__Task requirements__: Everything from the line that contains "Mizco Premium Brass" through the last line below should be transcribed exactly, except the pictures.

__Supplied material__:

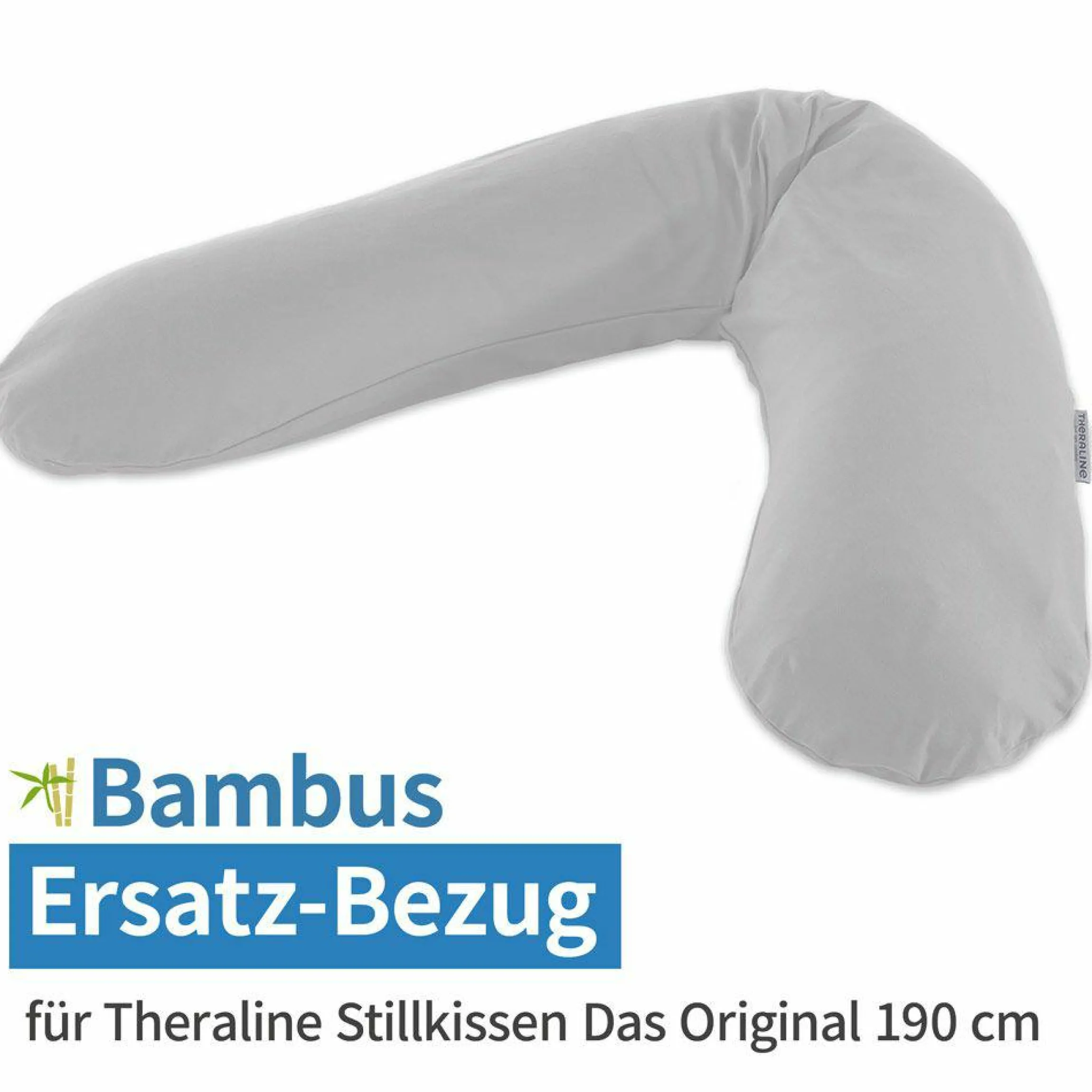 Ersatzbezug für Stillkissen Das Original - Bamboo 190 cm - Grau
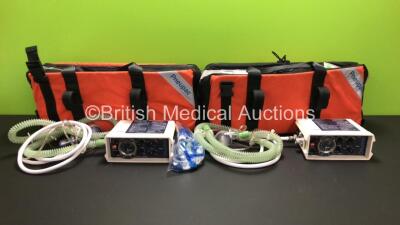 2 x Pneupac ventiPAC 200D MRI Compatible Ventilators with Hoses and Accessories in 2 x Pneupac Carry Bags *011390 - NA*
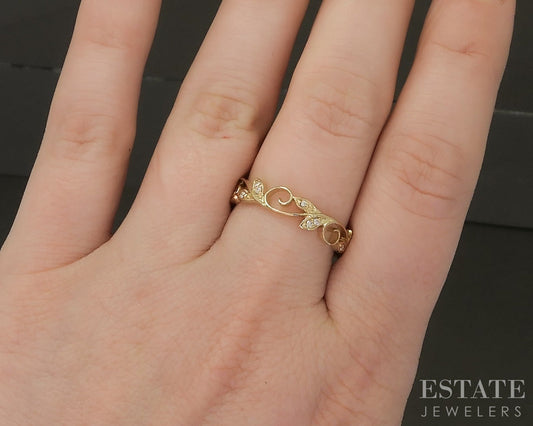 14k Yellow Gold Natural Diamond Gabriel & Co. Stackable Band 3.1g p24302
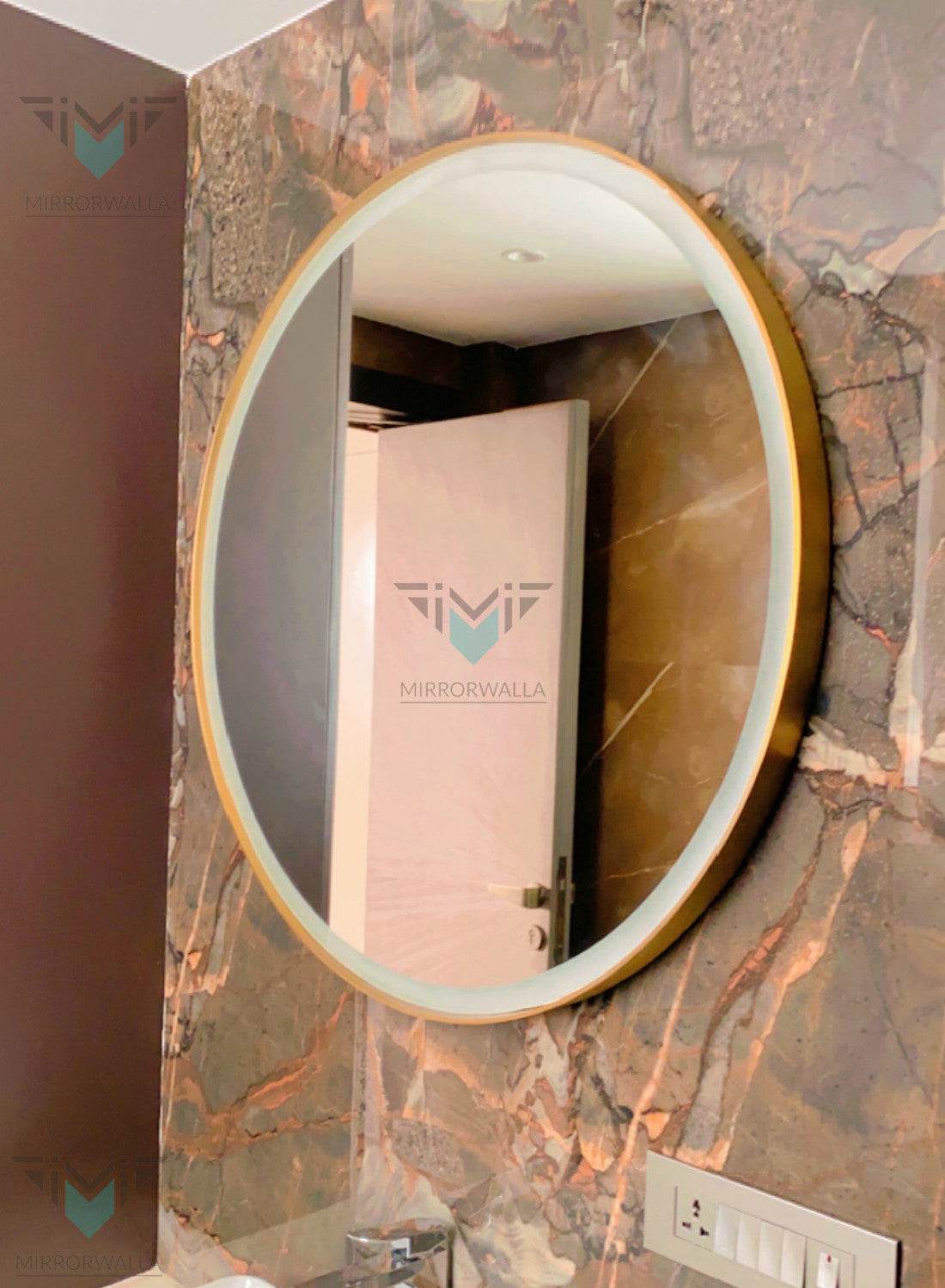 Mizco Premium Brass Pvd Mirror With D-fogger - Mirrorwalla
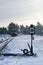 Traditional railway station with iron switch in Russian train museum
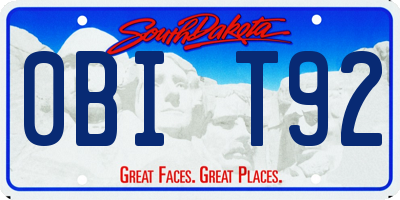 SD license plate 0BIT92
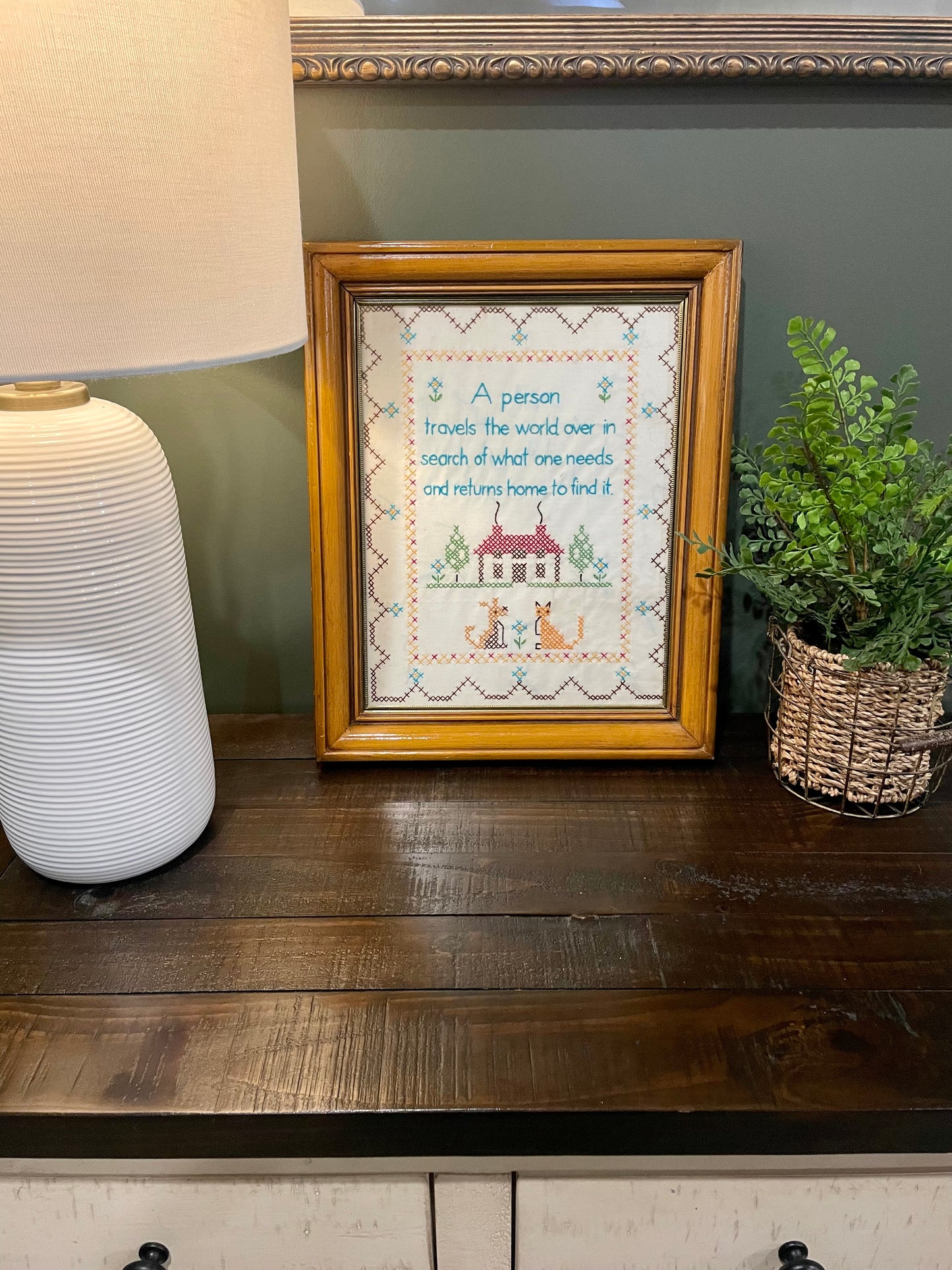 Vintage Framed Needlepoint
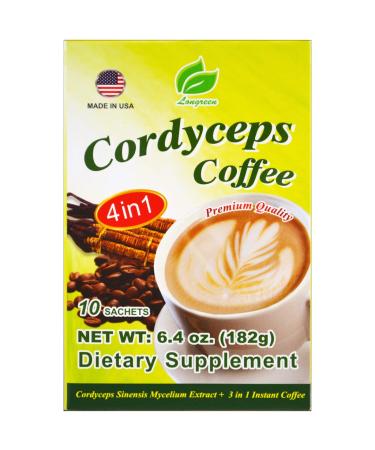 Longreen 4 in 1 Cordyceps Coffee 10 Sachets 6.4 oz (182 g)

__The answer__:
 Mizco Premium Brass Pvd Mirror With D-fogger - Mirrorwalla
 Traditional railway station with iron switch in Russian train museum
 SD license plate 0BIT92
 Vintage Framed Needlepoint
 Longreen 4 in 1 Cordyceps Coffee 10 Sachets 6.4 oz (182 g)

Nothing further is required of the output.